When I say "as little as possible," I mean for any part we don't need to do ourselves, we partner with others and bring it into our ecosystem. If you look at Nvidia today, we probably have one of the largest partner ecosystems, both upstream and downstream in the supply chain. From computer manufacturers, application developers, to model developers—you can think of AI as a "five-layer cake." And we have ecosystem presence across all five layers.
Related Reading: "Nvidia's Jensen Huang's Latest Article: AI's 'Five-Layer Cake'"
So we try to do as little as possible, but the part we must do is extremely difficult. And I don't think that part will be commoditized.
In fact, I also don't think enterprise software companies are essentially in the business of "tool making." But the reality is, most software companies today are indeed tool providers.
Of course, there are exceptions, some are encoding and solidifying workflow systems, but many companies are essentially tool companies.
For example, Excel is a tool, PowerPoint is a tool, Cadence makes tools, Synopsys is also a tool.
Jensen Huang:
And the trend I see is precisely the opposite of what many people think. I believe the number of agents will grow exponentially, and the number of tool users will also grow exponentially.
The number of invocation instances for various tools is also likely to surge. For example, the number of instances using Synopsys Design Compiler is likely to increase significantly.
There will be a large number of agents using floor planners, layout tools, design rule checking tools.
Today, we are limited by the number of engineers; tomorrow, these engineers will be supported by a large number of agents, and we will explore the design space in ways never before possible. When you use these tools today, this change will be very apparent.
The use of tools will drive explosive growth for these software companies. The reason this hasn't happened yet is because current agents aren't proficient enough at using tools.
So, either these companies build agents themselves, or agents themselves become capable enough to use these tools. I think ultimately it will be a combination of both.
Dwarkesh Patel
I recall in your latest disclosures, you have nearly $100 billion in purchase commitments for boundary components, memory, packaging, etc. And SemiAnalysis reports suggest this number could reach $250 billion.
One interpretation is that Nvidia's moat lies in you locking down the supply of these scarce components for many years to come. That is, others might also be able to make accelerators, but can they get enough memory? Enough logic chips?
Is this Nvidia's core advantage for the next few years?
Jensen Huang:
This is something we can do, but others find difficult. The reason we can make such massive commitments upstream is partly explicit, the purchase commitments you mentioned; and partly implicit.

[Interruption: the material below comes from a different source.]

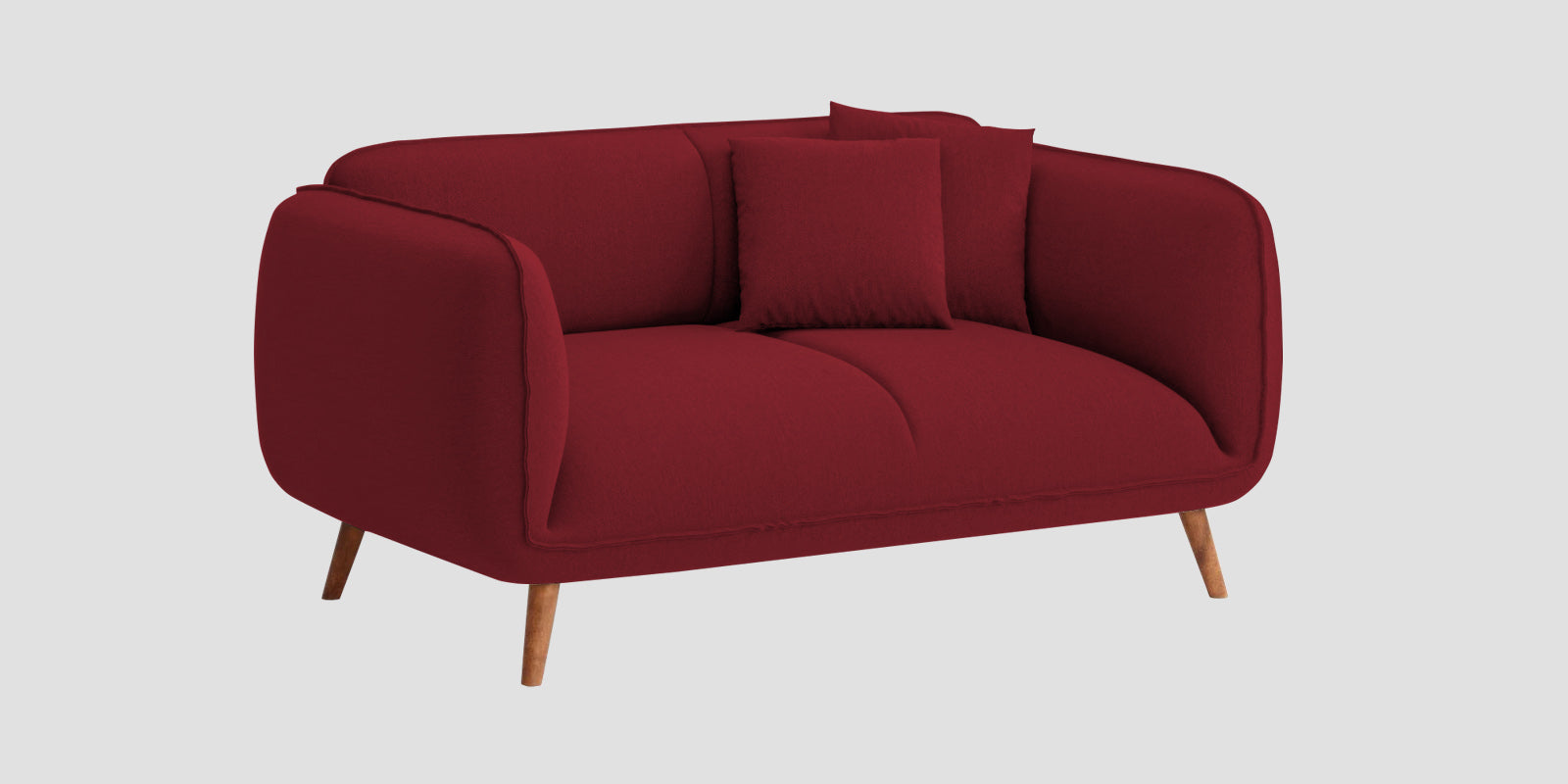 Zia Fabric 2 Seater Sofa In Chilli Red Colour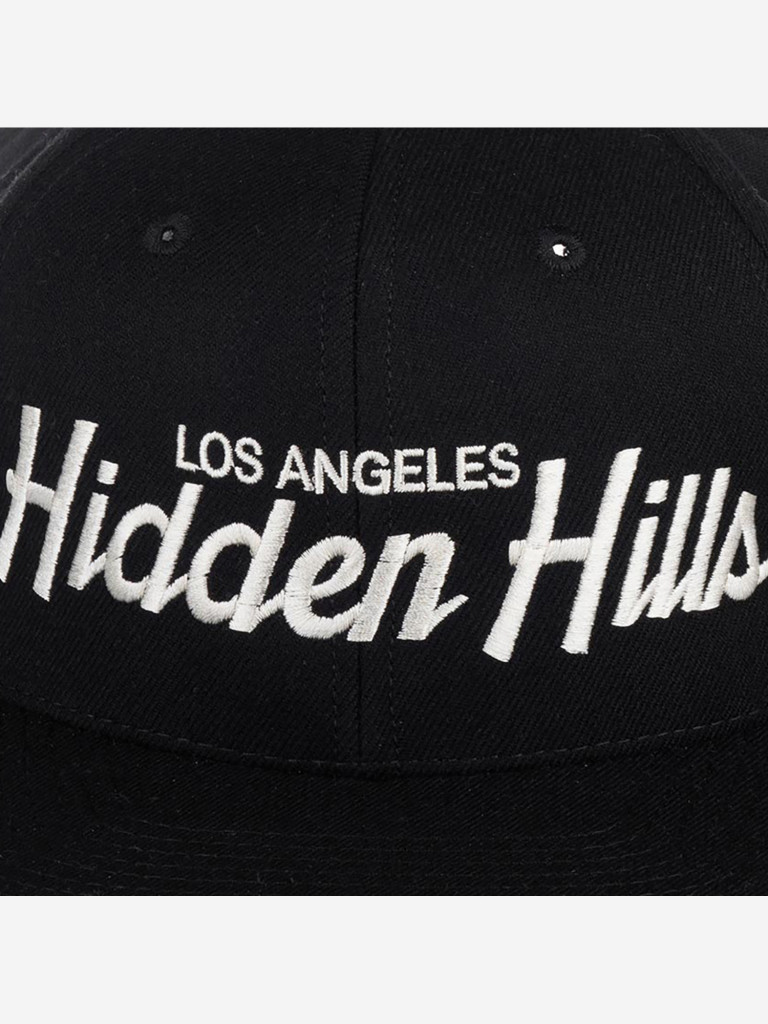 Бейсболка с прямым козырьком HOOD 100-MWL001-CA005-BK Hidden Hills, CA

For example, many upstream investments are actually made by our supply chain partners, because I would tell their CEOs: let me tell you how big this industry will be, let me explain why, let me walk through it with you, let me tell you what I see.
Through this process—conveying information, inspiring vision, building consensus—I align with CEOs across different upstream industries, and they are willing to make these investments.

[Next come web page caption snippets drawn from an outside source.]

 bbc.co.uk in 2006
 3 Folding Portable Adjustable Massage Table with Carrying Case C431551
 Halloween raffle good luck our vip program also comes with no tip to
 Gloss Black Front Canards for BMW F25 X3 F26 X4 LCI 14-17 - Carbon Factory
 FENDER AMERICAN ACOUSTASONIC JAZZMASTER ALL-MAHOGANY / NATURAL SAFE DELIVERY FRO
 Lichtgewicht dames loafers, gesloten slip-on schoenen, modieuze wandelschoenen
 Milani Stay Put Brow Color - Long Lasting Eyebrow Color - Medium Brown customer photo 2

Why are they willing to invest for me, and not for others? Because they know I have the ability to buy their capacity and absorb it through my downstream. It is precisely because Nvidia's downstream demand and supply chain scale are so large that they are willing to invest upstream.

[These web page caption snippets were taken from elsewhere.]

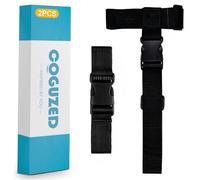 CoguZed 2 Pack Heavy Duty Luggage Connector Straps, Adjustable Add a Bag Suitcase Connectors to Link Multiple Luggage Together, Travel Accessories for Hands-Free Moving, Black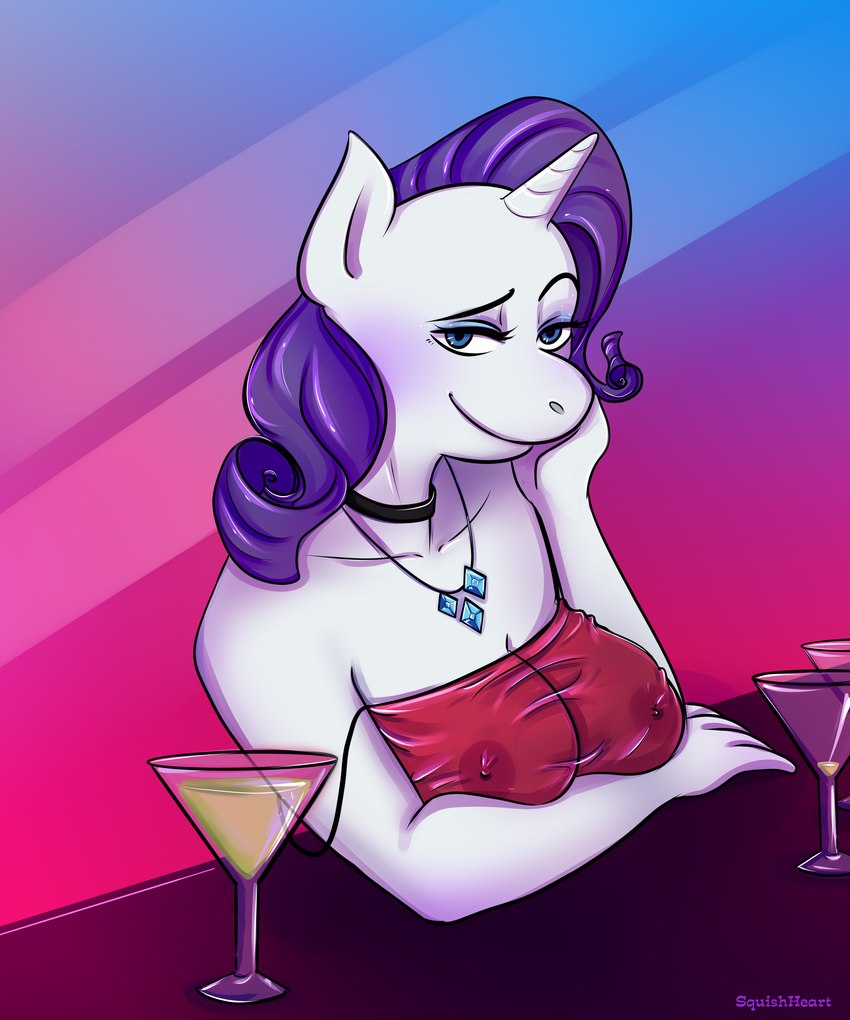 rarity (friendship is magic and etc) created by squishheart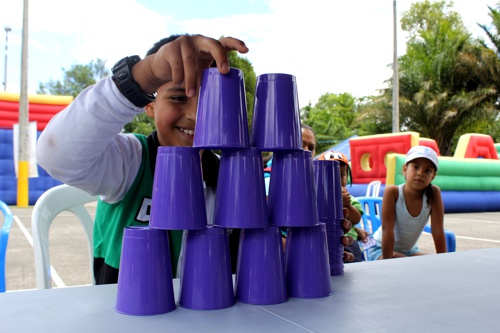 Piramide de vasos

Look at GTC, the scale of the conference shocks many people. It's essentially a 360-degree AI universe, bringing the entire industry together. People gather because they need to see each other. I bring them together, letting upstream see downstream, downstream see upstream, while letting everyone see the progress of AI.
More importantly, they can access AI-native companies and startups, see the various innovations happening, and thus personally verify the judgments I've been making.
So I spend a lot of time, directly or indirectly, explaining the opportunities ahead to our supply chain and ecosystem partners. Many people say my keynote doesn't announce products one after another like a traditional launch event; part of it sounds like a "lecture." And that is actually my intention.
I need to ensure the entire supply chain—both upstream and downstream—understands: what will happen next, why it will happen, when it will happen, how big the scale will be, and can reason about these issues systematically like I do.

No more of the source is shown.